_Dataset records_
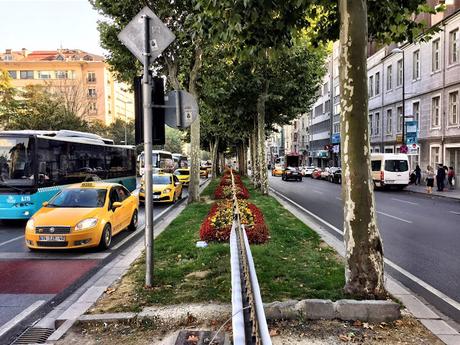 33 immagini per sottolineare l'abisso che separa ormai Istanbul da Roma. Trasporti, manutenzione, riqualificazioni e centri commerciali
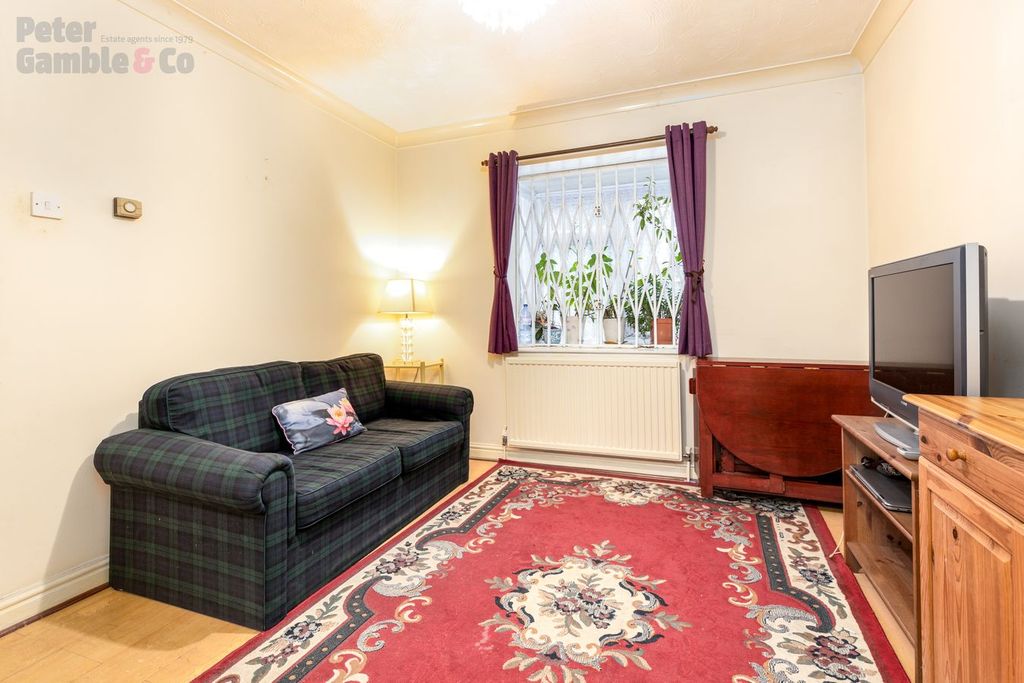 Property photo 2 of 8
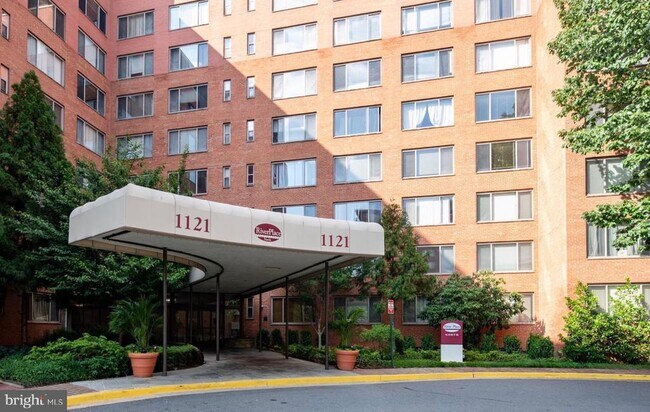 1121 Arlington Blvd Unit 520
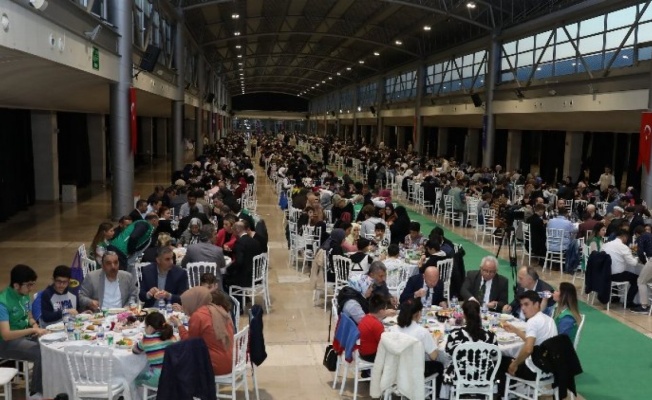 Bursa'da yetimlere özel iftar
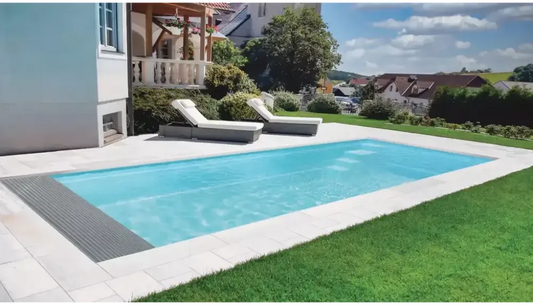 Leisurepools Encore -allas – suorat linjat, kapeille tonteille, suorakulmainen muoto, sininen vesi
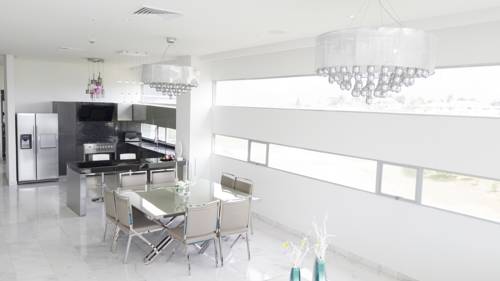 Imagen de la habitación del Hotel Punta Diamante Resort. Foto 6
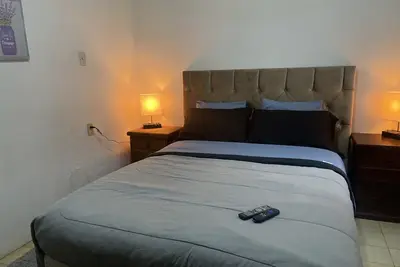 Image de Cozy room in small apartment with shared bathroom, close to the Wtc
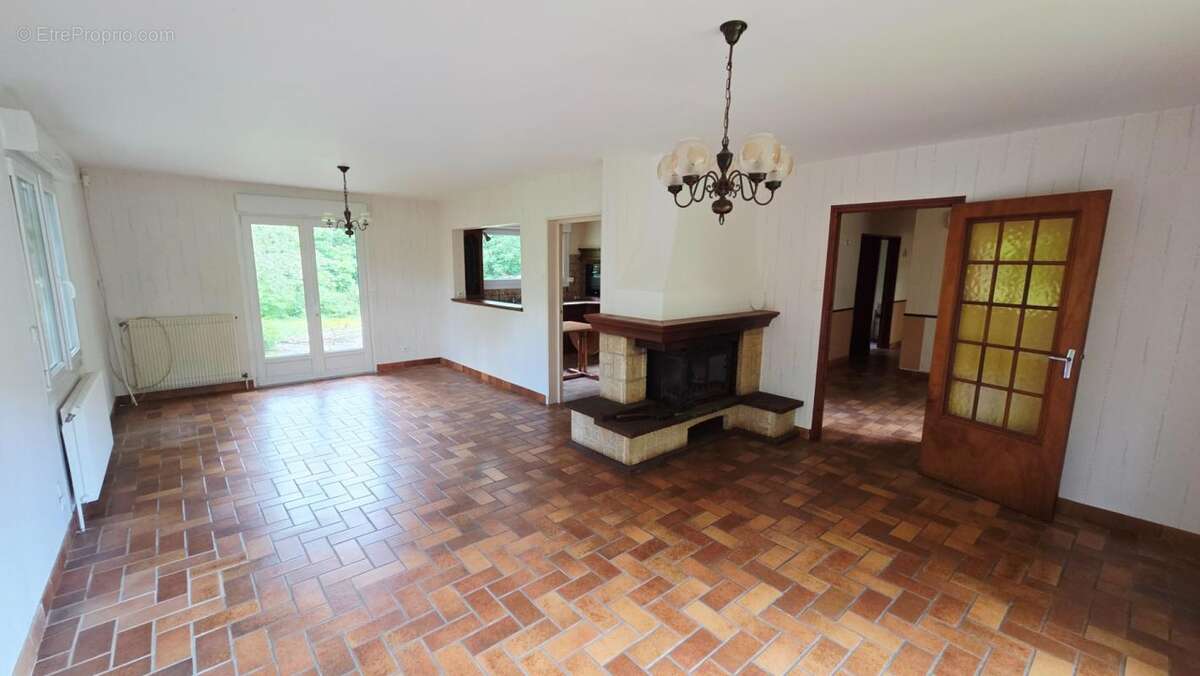 Maison à HAUCOURT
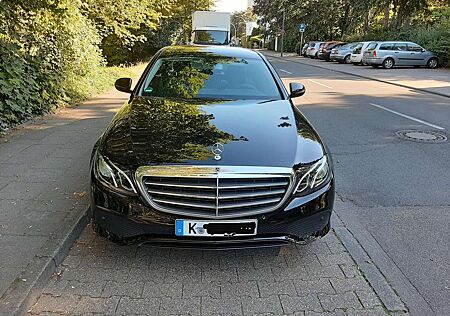 Mercedes-Benz E 220 d 9G-TRONIC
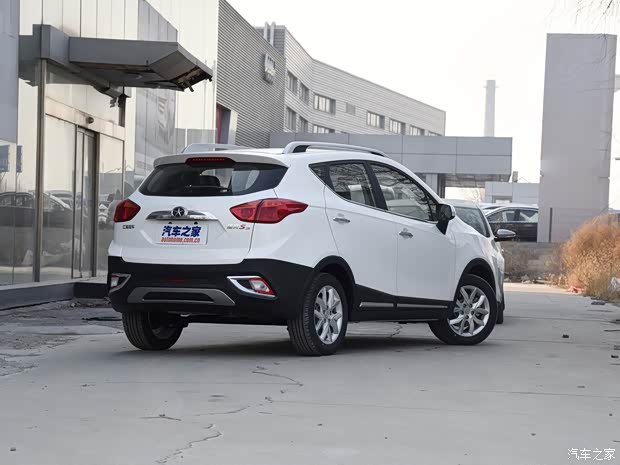 江淮汽车 瑞风S3 2014款 1.5L CVT豪华智能型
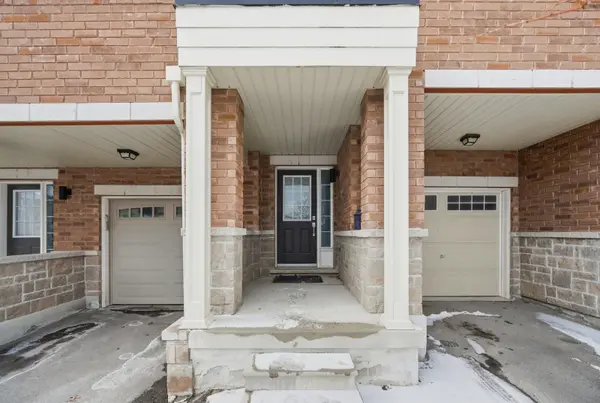 41 Torah Gate, Vaughan, ON L6A 4Y4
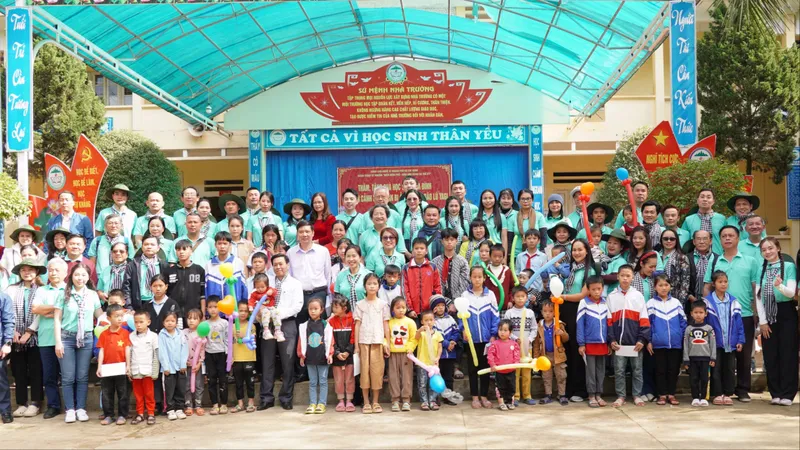 Hành trình về nguồn “Theo dấu chân cuộc Tổng tiến công và nổi dậy mùa Xuân năm 1975”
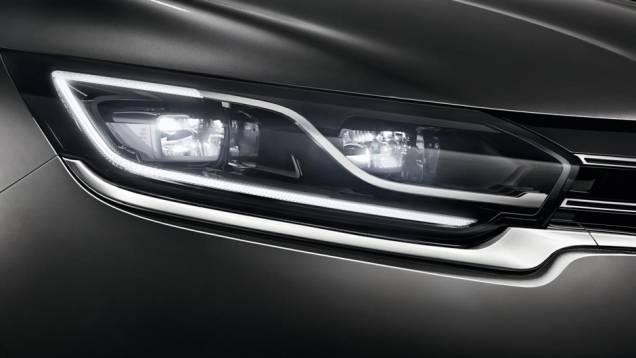 Luzes de LED diurnas e, no total, 250 kg menos do que o modelo anterior, são alguns destaques do novo Espace | <a href="https://quatrorodas.abril.com.br/noticias/saloes/paris-2014/novo-espace-chega-cara-crossover-802372.shtml" rel="migration">Leia mais</a> Luzes de LED diurnas e, no total, 250 kg menos do que o modelo anterior, são alguns destaques do novo Espace | <a href="https://quatrorodas.abril.com.br/noticias/saloes/paris-2014/novo-espace-chega-cara-crossover-802372.shtml" rel="migration">Leia mais</a>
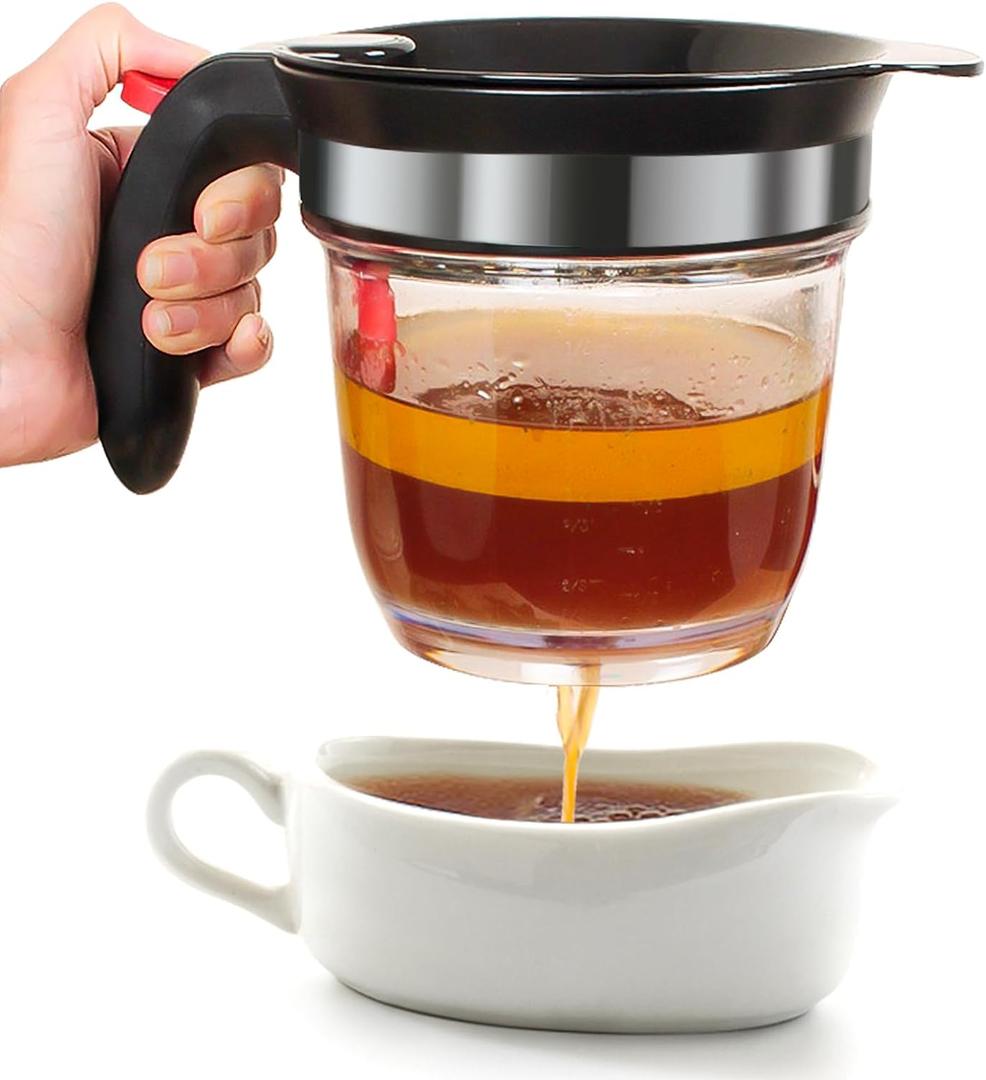 Fat Separator With Bottom Release, 4 Cup Gravy Separator for Cooking with Oil Strainer, Kitchen Gadgets Grease Separator Packaged with a 3-in-1 Multifunctional Peeler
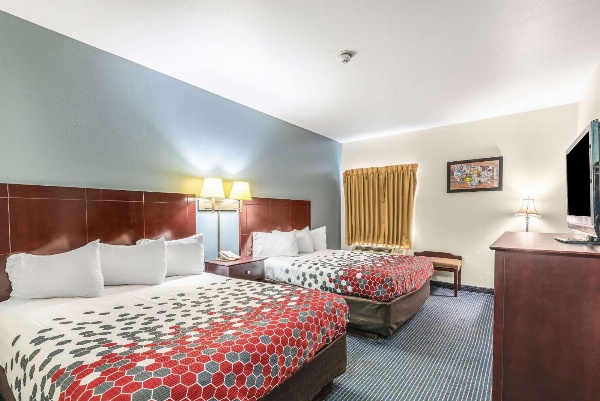 Econo Lodge Inn & Suites North Little Rock image 6
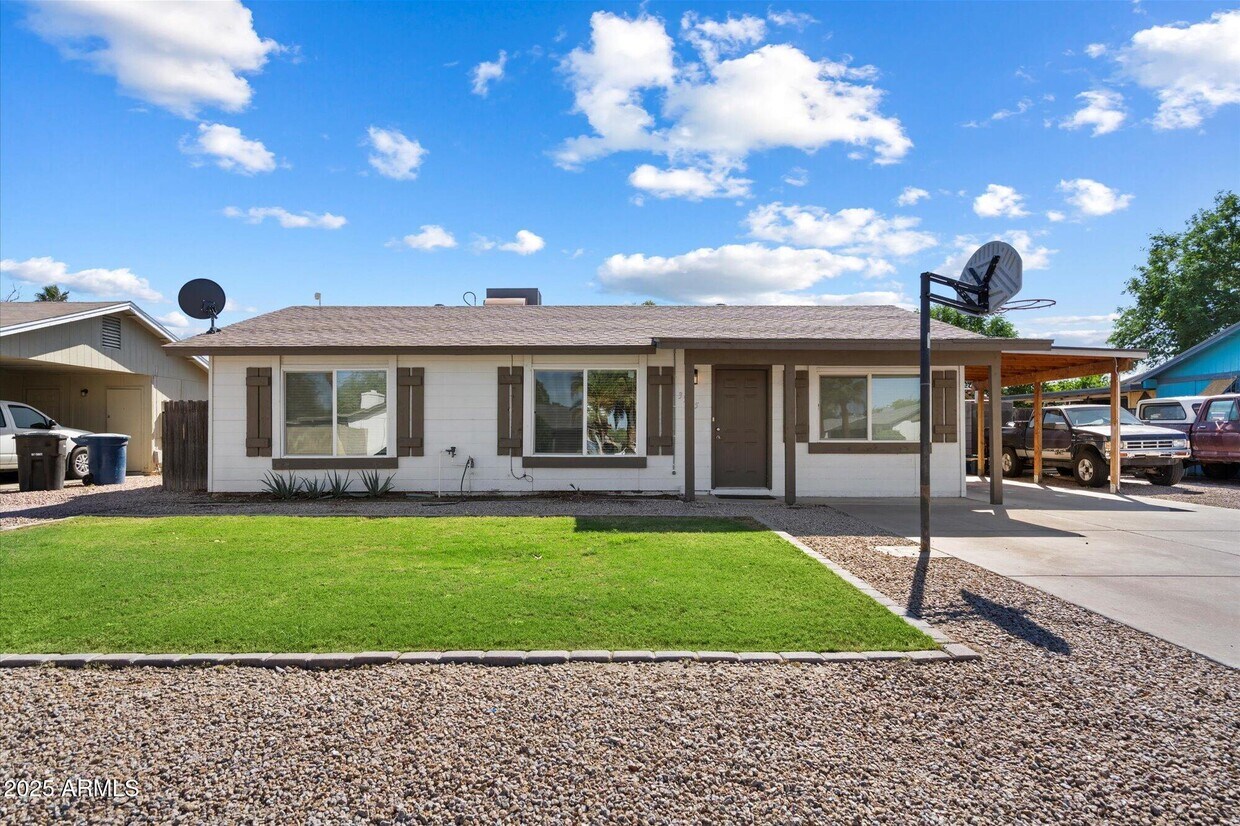 Foto principal - 3545 W Galveston St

_The task_
Could you set down, exactly as written, every line from the one with "mais</a> Luzes de" to the end of the data, both ends included? Leave out the pictures.

_Solution to this task_
 Luzes de LED diurnas e, no total, 250 kg menos do que o modelo anterior, são alguns destaques do novo Espace | <a href="https://quatrorodas.abril.com.br/noticias/saloes/paris-2014/novo-espace-chega-cara-crossover-802372.shtml" rel="migration">Leia mais</a> Luzes de LED diurnas e, no total, 250 kg menos do que o modelo anterior, são alguns destaques do novo Espace | <a href="https://quatrorodas.abril.com.br/noticias/saloes/paris-2014/novo-espace-chega-cara-crossover-802372.shtml" rel="migration">Leia mais</a>
 Fat Separator With Bottom Release, 4 Cup Gravy Separator for Cooking with Oil Strainer, Kitchen Gadgets Grease Separator Packaged with a 3-in-1 Multifunctional Peeler
 Econo Lodge Inn & Suites North Little Rock image 6
 Foto principal - 3545 W Galveston St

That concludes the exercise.